Senior Ethan Cloutier has spent the past three and a half years sorting books and keeping the Stacks’ micro-universe in sync.
But like most student workers at Richter Library, his hard work goes underappreciated in the pin-drop silence of over-caffeinated students studying and writing papers.
Cloutier is a student supervisor for the 16 student workers in the Stacks who maintain the more than 3 million books at Richter.
Most students will scope the Stacks during their time at UM – either for a quiet study nook or specific literary journal – but Cloutier explains that Stacks student workers are not always treated cordially.
“I’ve been shushed and yelled at for being too loud,” he said. “I’m just putting books away, listening to my iPod, doing my job. It gets worse around finals.”
Still, the Stacks workers don’t get discouraged, with most students holding their jobs until they graduate.
The workers are paid almost $9 an hour.
“It’s convenient,” Cloutier said. “You can keep to yourself, build your own schedule, work between classes and listen to music – with headphones on of course.”
None of the workers at the Stacks are English majors.
The only thing they share in common: they all sport headphones.
“I didn’t know what libraries were. I knew about books though,” Cloutier joked. “I never particularly wanted to work in a library. My mom told me that I needed to be working here during one of the tours you go on in high school, and I filled out an application and started working in the fall.”

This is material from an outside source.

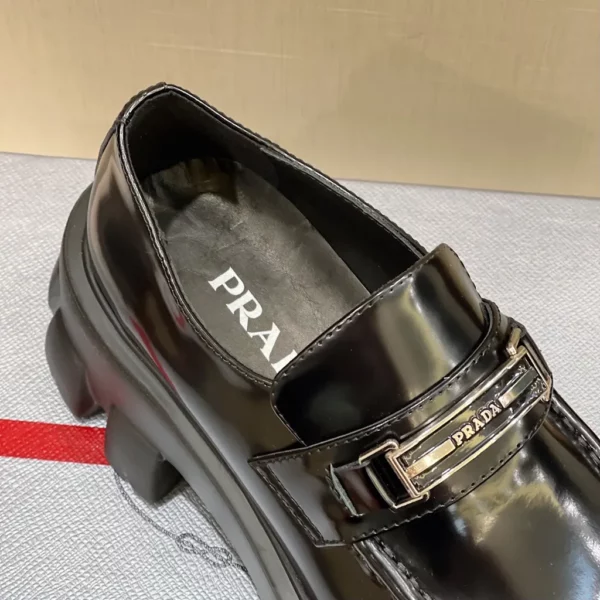 Prada shoes - rep shoes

Junior Zoe Brown has worked in the Stacks for the past three years.
She agrees that her colleagues do not all fit the gawky, awkward student librarian stereotype.
“There are people like Ethan who are hilarious, non-stop making jokes and then others who are more anti-social,” Brown said. “Whether you prefer to be by yourself or with others, you can make it work here.”
Almost as diverse as the students are the different scenarios that they have come across during their shifts.
“I remember there was this one girl who moved in during finals,” Brown said. “She had a pillow, sleeping bag, cereal, all in a cubicle on the fourth floor.”
Cloutier said he has heard about some more provocative happenings.
“I haven’t seen it, but I know someone who actually saw two people having sex in the Stacks,” he said. “I know that rumor goes around, but I’m technically only once removed from it.”
Some workers also describe experiencing an eerie feeling, thinking that they are being watched when they are shelving books.
Senior Cody Pace has worked in the Stacks for three years and has caught himself looking over his shoulder, second-guessing unexplained sounds he sometimes hears.
“I definitely have felt something,” Pace said. “You’re by yourself, it’s really quiet, and sometimes I think I hear someone walking or see something run past an aisle, but no one’s there. Maybe I’ve been looking at books for too long.”